Louis Aimé Augustin Le Prince

Chimiste, ingénieur et inventeur français, l'un des pionniers du cinéma

Anúncio

Louis Aimé Augustin Le Prince, né le 28 août 1841 à Metz et disparu mystérieusement le 16 septembre 1890, est un chimiste, ingénieur et inventeur français. Il est l'un des pionniers du cinéma.

Louis Le Prince est le fils d'un militaire de carrière, officier de la Légion d'honneur, et le frère de l'architecte Albert Leprince. Il grandit en passant beaucoup de temps dans l’atelier d'un pionnier de la photographie, Louis Daguerre, ami de son père. Il reçoit de Daguerre des leçons de chimie et il est initié à la photographie. Il pose en tant que modèle pour un daguerréotype, la forme la plus ancienne de la photographie. Il étudie la peinture à Paris puis la chimie à l’université de Leipzig.

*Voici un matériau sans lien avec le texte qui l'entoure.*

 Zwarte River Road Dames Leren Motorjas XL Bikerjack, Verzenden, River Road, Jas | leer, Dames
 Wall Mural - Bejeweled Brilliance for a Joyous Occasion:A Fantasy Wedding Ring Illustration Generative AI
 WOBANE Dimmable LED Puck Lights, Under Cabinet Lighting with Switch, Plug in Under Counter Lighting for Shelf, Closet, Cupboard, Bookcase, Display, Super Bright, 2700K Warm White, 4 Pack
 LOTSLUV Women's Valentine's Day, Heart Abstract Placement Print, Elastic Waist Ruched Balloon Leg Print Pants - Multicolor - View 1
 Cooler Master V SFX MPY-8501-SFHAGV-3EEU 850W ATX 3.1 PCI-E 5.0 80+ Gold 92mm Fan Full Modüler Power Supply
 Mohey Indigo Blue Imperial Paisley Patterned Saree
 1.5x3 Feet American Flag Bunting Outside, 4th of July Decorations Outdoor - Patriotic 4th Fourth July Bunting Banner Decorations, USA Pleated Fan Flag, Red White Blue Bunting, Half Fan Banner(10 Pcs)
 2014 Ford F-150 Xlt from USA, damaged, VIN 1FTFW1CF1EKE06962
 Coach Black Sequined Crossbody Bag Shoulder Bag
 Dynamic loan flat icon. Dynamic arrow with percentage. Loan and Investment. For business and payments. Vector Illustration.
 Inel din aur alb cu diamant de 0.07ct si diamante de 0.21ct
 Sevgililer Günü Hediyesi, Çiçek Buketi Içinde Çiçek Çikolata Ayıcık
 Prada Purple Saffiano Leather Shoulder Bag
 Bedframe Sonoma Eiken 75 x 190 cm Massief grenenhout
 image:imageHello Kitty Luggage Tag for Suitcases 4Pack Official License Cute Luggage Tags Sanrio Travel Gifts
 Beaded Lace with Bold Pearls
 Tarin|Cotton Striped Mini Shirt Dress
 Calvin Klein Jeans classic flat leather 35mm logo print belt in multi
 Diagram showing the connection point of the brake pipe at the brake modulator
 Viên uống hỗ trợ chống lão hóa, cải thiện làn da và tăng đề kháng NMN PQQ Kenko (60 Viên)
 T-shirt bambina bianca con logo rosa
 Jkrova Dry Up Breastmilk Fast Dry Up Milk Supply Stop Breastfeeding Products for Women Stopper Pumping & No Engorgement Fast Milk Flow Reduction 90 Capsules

En 1868, il part vivre à Leeds dans le Yorkshire de l'Ouest en Angleterre après avoir été invité à rejoindre un ami d’université, le riche industriel britannique John Whitley, dans la Whitley Partners of Hunslet (en), une entreprise de fondeurs de laiton fabriquant des valves et des composants. En 1869, il épouse Elizabeth Whitley, sœur de John et artiste talentueuse. En 1871, Louis et sa femme créent une école d’art appliqué, The Leeds Technical School of Art. Ils acquièrent une renommée dans l’art de fixer des photographies en couleur sur le métal et les poteries, ce qui les amène à réaliser les portraits de la reine Victoria et du premier ministre William Gladstone, portraits qui sont enfermés dans une capsule temporelle, construite par Whitley Partners of Hunslet, placée dans les fondations de l’obélisque de Cléopâtre sur les bords de la Tamise.

États-Unis et « photographies mobiles »

En 1881, Louis Le Prince part pour les États-Unis en tant qu’agent de la Whitley Partners, où il demeure avec sa famille après l’expiration de son contrat. Il devient manager d’un groupe d’artistes français. Durant cette période il continue ses expériences sur la production de « photographies mobiles ». Il fabrique en 1886 un appareil photographique à seize objectifs, dont il dépose le brevet. Cet appareil photographique reprend une technique mise au point, selon des procédés différents, par le Français Étienne-Jules Marey et l'Anglais Eadweard Muybridge, celle de la chronophotographie, visant à décomposer et étudier, les mouvements des êtres humains ou des animaux, et en général tout phénomène trop rapide pour être analysé par le regard (exemples : chute d'une goutte d'eau, explosions ou réactions chimiques). Le Prince recourt ainsi à seize optiques devant seize plaques de verre enduites de produit photosensible (collodion), dont les instantanés sont produits par une succession d'ouvertures et de fermetures ultra-rapides d'autant d'obturateurs. Après développement du négatif et tirage sur papier, ces chronophotographies peuvent être observées une par une.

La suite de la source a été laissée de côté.